Kann Weihrauch auch als ätherisches Öl innerlich eingenommen werden?
Ätherisches Weihrauchöl wird in der Naturheilkunde zwar manchmal innerlich angewendet, jedoch in extrem niedriger Dosierung (oft nur tropfenweise). Für eine therapeutische Wirkung gegen Entzündungen ist die Kapselform mit standardisiertem Extrakt in der Regel die verlässlichere Wahl.
Welche Nebenwirkungen können bei der Einnahme von Weihrauch auftreten?
Nebenwirkungen sind in der Regel selten und mild, können aber leichte Magen-Darm-Beschwerden wie Übelkeit, Magensäure-Reflux oder Durchfall umfassen. Sollten Sie starke Reaktionen wie Hautreizungen oder allergische Erscheinungen bemerken, ist die Einnahme sofort zu beenden.
Ist die Dosierung von Weihrauch bei Arthritis anders als bei Morbus Crohn?

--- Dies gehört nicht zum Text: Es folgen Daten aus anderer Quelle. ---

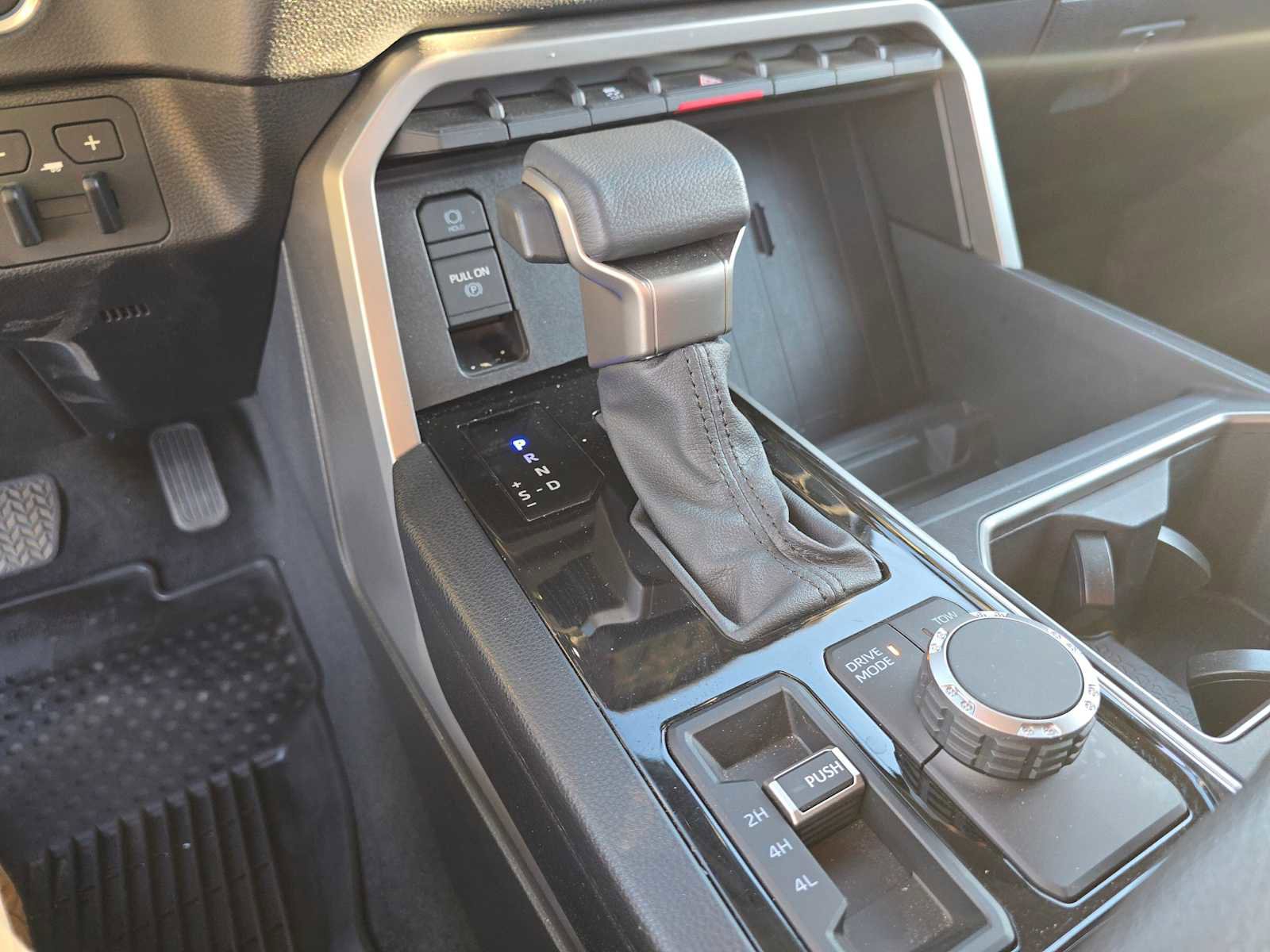 Used 2024 Toyota Tundra SR5 image 32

In klinischen Studien wurden für chronisch-entzündliche Darmerkrankungen wie Morbus Crohn teils höhere Dosierungen verwendet als für Arthrose. Die Dosierung muss daher stets individuell an die Schwere und Art der Erkrankung angepasst und ärztlich überwacht werden.

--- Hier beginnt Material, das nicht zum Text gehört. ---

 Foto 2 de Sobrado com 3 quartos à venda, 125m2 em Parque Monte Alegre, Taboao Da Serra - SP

Dürfen Schwangere und Stillende Weihrauch einnehmen?
Aufgrund fehlender ausreichender Sicherheitsstudien wird Schwangeren und Stillenden von der Einnahme von Weihrauch in therapeutischer Dosierung abgeraten. Konsultieren Sie in jedem Fall einen Arzt, um mögliche Risiken für Mutter und Kind auszuschließen.
Was ist der Unterschied zwischen Weihrauch-Harz und standardisiertem Extrakt?
Das Harz ist das Rohprodukt mit einem schwankenden Gehalt an Wirkstoffen, während der standardisierte Extrakt in Kapseln auf einen festgelegten Gehalt an Boswelliasäuren konzentriert ist. Die Dosierung ist beim standardisierten Extrakt deutlich präziser und für therapeutische Zwecke zuverlässiger.